> **EXERCISE PROMPT**
Retype only what runs from the beginning of the data through the line with "This is the"; please omit the pictures and keep every line exact.

> **MATERIAL FOR THIS EXERCISE**
════════════════

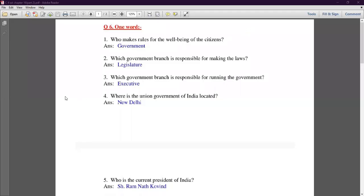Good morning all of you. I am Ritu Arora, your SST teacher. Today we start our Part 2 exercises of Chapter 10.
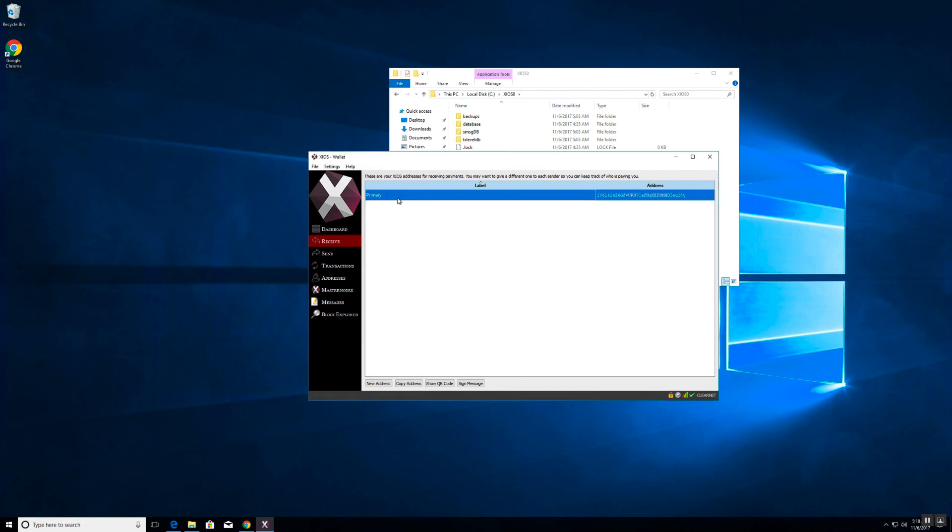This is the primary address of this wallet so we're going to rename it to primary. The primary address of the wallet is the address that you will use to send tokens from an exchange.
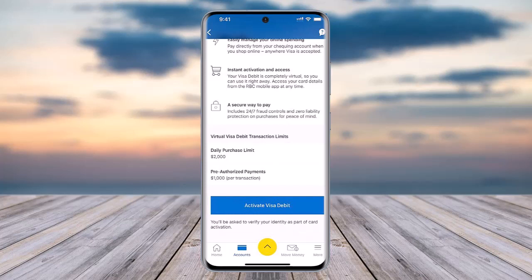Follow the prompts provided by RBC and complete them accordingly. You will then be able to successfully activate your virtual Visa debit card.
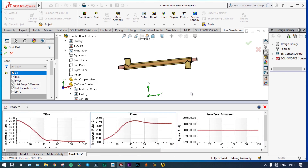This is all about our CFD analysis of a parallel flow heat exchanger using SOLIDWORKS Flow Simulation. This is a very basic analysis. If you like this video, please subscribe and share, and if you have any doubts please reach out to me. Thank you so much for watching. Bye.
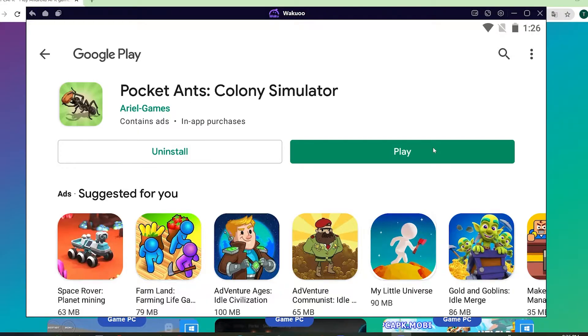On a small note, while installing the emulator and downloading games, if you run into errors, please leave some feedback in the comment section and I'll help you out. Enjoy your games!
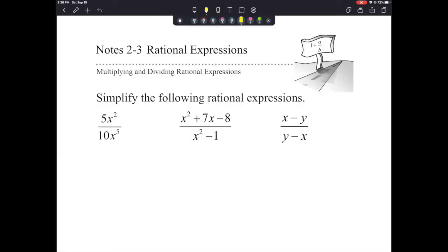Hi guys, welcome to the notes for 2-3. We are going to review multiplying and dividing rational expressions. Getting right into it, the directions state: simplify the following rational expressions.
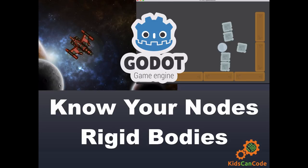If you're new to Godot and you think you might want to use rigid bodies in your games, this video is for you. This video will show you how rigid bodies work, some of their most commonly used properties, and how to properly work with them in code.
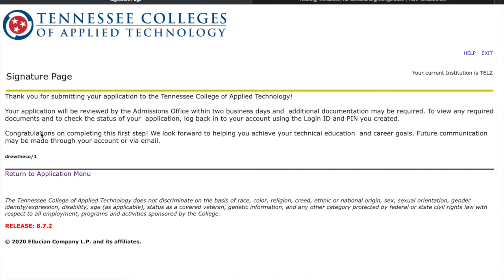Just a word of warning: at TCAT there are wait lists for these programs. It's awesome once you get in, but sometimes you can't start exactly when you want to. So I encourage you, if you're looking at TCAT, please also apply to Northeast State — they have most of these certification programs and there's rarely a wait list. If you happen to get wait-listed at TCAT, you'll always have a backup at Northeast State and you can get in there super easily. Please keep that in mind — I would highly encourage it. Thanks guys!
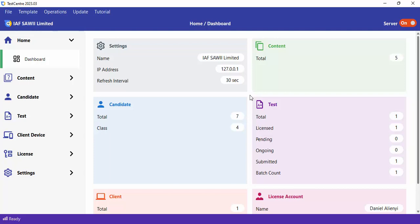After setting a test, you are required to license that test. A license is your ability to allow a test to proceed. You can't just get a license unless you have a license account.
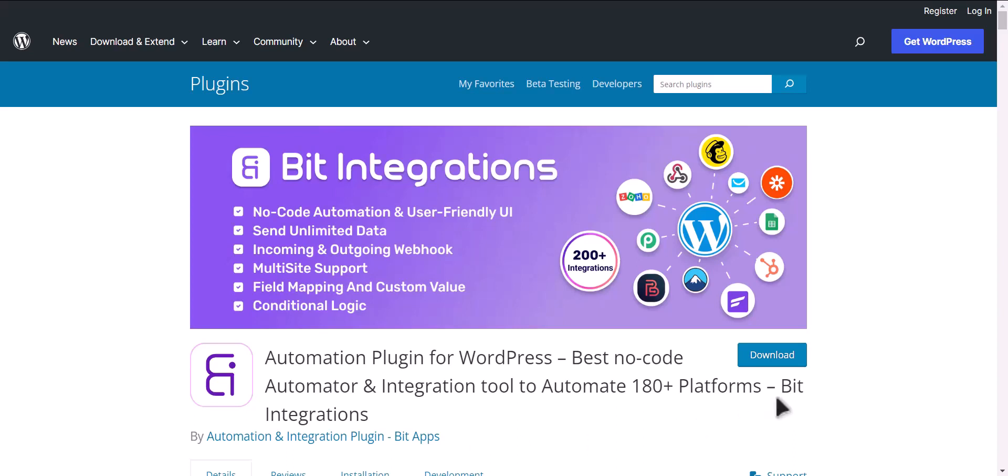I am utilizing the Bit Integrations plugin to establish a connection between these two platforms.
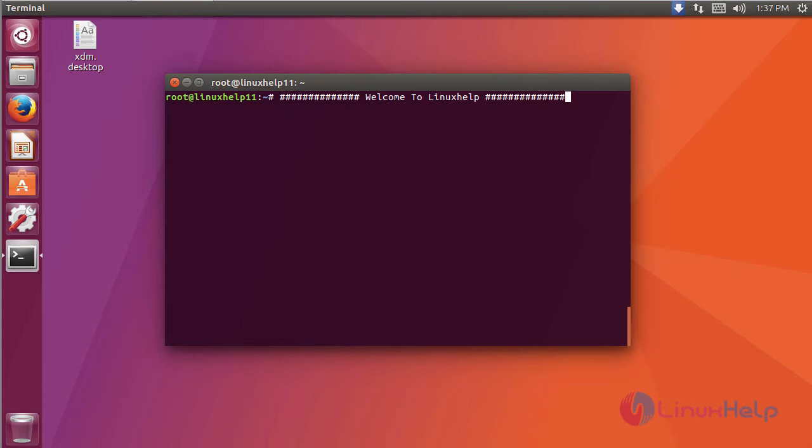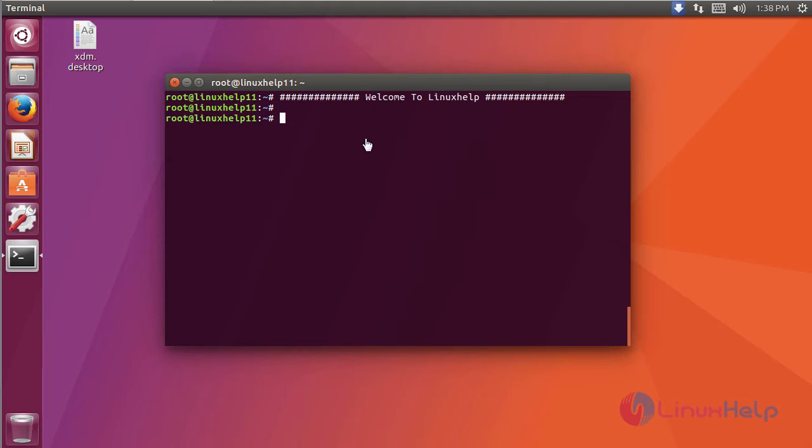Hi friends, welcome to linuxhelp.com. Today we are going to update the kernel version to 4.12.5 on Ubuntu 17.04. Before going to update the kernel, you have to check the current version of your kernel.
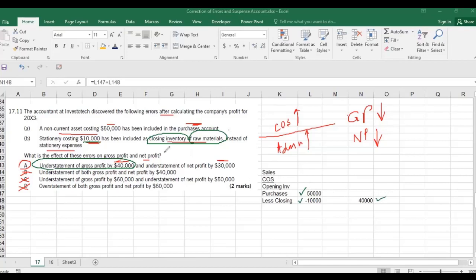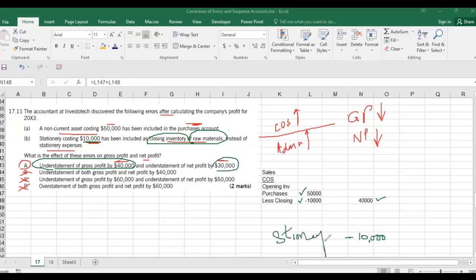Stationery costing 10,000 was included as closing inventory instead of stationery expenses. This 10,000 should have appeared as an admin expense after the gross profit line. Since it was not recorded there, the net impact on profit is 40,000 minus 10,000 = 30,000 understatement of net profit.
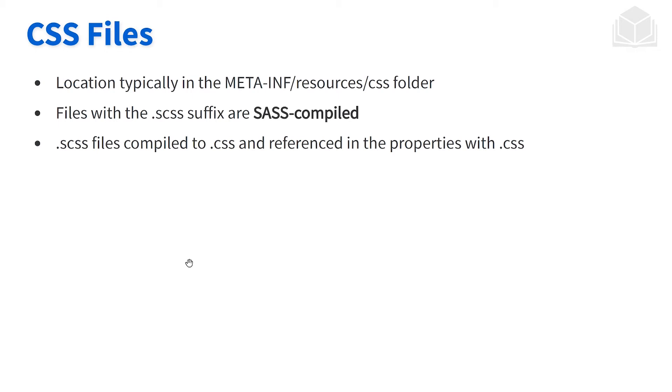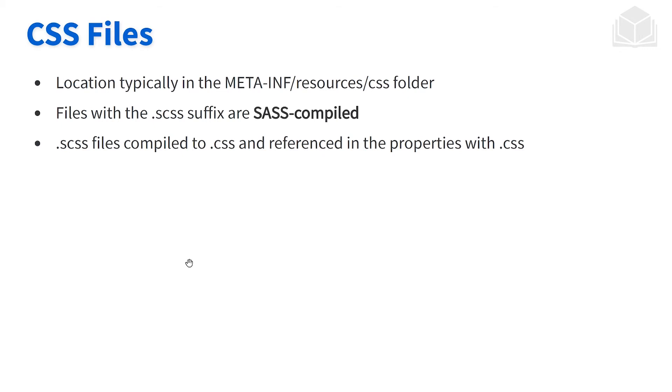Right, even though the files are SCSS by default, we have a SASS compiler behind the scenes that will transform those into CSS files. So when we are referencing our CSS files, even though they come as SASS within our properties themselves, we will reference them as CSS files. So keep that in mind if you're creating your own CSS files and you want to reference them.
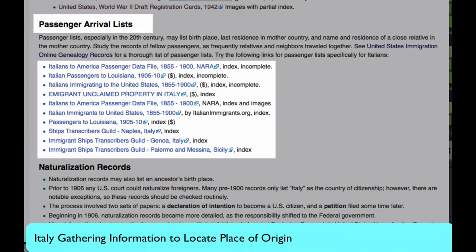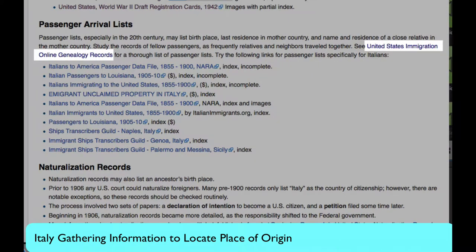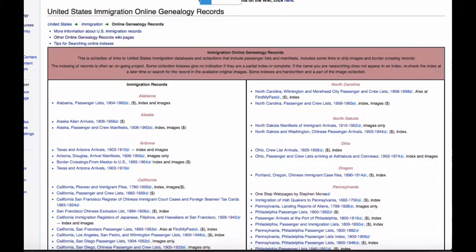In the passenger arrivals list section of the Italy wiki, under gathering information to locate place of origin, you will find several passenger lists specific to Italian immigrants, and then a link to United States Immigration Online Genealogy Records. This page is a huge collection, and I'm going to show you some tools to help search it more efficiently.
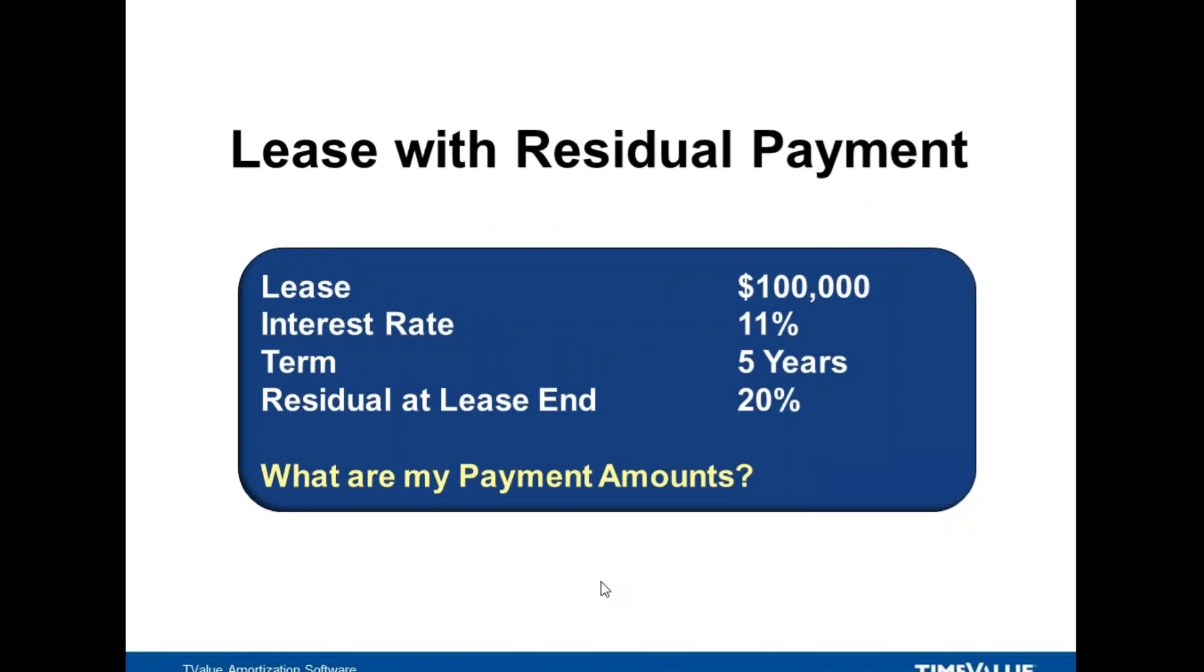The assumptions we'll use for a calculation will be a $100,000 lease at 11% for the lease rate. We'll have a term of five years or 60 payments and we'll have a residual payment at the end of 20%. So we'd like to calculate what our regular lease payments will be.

════════════════

> **TASK ANSWER**
Good morning all of you. I am Ritu Arora, your SST teacher. Today we start our Part 2 exercises of Chapter 10.
This is the primary address of this wallet so we're going to rename it to primary. The primary address of the wallet is the address that you will use to send tokens from an exchange.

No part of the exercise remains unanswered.